无需外部依赖的高性能网络蜘蛛

I'm trying to write my first web-spider in Golang. Its task is to crawl domains (and inspect their html) from the provided database query. The idea is to have no 3rd party dependencies (e.g. msg queue), or as little as possible, yet it has to be performant enough to crawl 5 million domains per day. I have approx 150 million domains I need to check every month.

The very basic version below - it runs in "infinite loop" as theoretically the crawl process would be endless.

func crawl(n time.Duration) {
    var wg sync.WaitGroup
    runtime.GOMAXPROCS(runtime.NumCPU())

    for _ = range time.Tick(n * time.Second) {
        wg.Add(1)

        go func() {
            defer wg.Done()

            // do the expensive work here - query db, crawl domain, inspect html
        }()
    }
    wg.Wait()
}

func main() {
    go crawl(1)

    select{}
}

Running this code on 4 CPU cores at the moment means it can perform max 345600 requests during 24 hours ((60 * 60 * 24) * 4) with the given threshold of 1s. At least that's my understanding :-) If my thinking's correct then I will need to come up with solution being 14x faster to meet daily requirements.
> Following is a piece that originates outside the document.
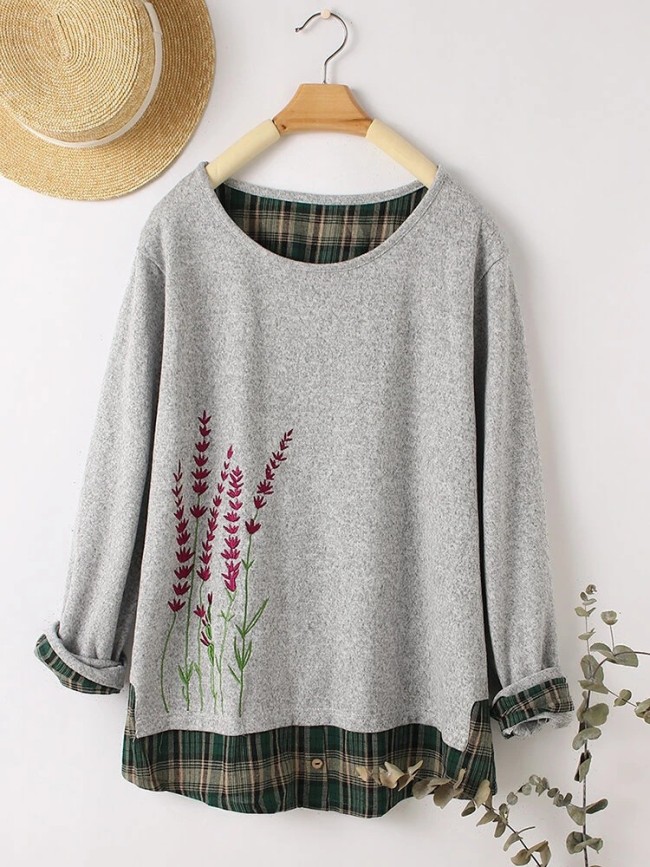 Floral Embroidery Crew Neck Pullover Long Sleeve Plaid Patchwork Women's Long Sleeve Top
I would appreciate your advices in regards to make the crawler faster, but without resolving to complicated stack setup or buying server with more CPU cores.

Why have the timing component at all?

Just create a channel that you feed URLs to, then spawn N goroutines that loop over that channel and do the work.

then just tweak the value of N until your CPU/memory is capped ~90% utilization (to accommodate fluctuations in site response times)

something like this (on Play):

package main

import "fmt"
import "sync"

var numWorkers = 10

func crawler(urls chan string, wg *sync.WaitGroup) {
    defer wg.Done()
    for u := range urls {
        fmt.Println(u)
    }
}
func main() {
    ch := make(chan string)
    var wg sync.WaitGroup
    for i := 0; i < numWorkers; i++ {
        wg.Add(1)
        go crawler(ch, &wg)
    }
    ch <- "http://ibm.com"
    ch <- "http://google.com"
    close(ch)
    wg.Wait()
    fmt.Println("All Done")
}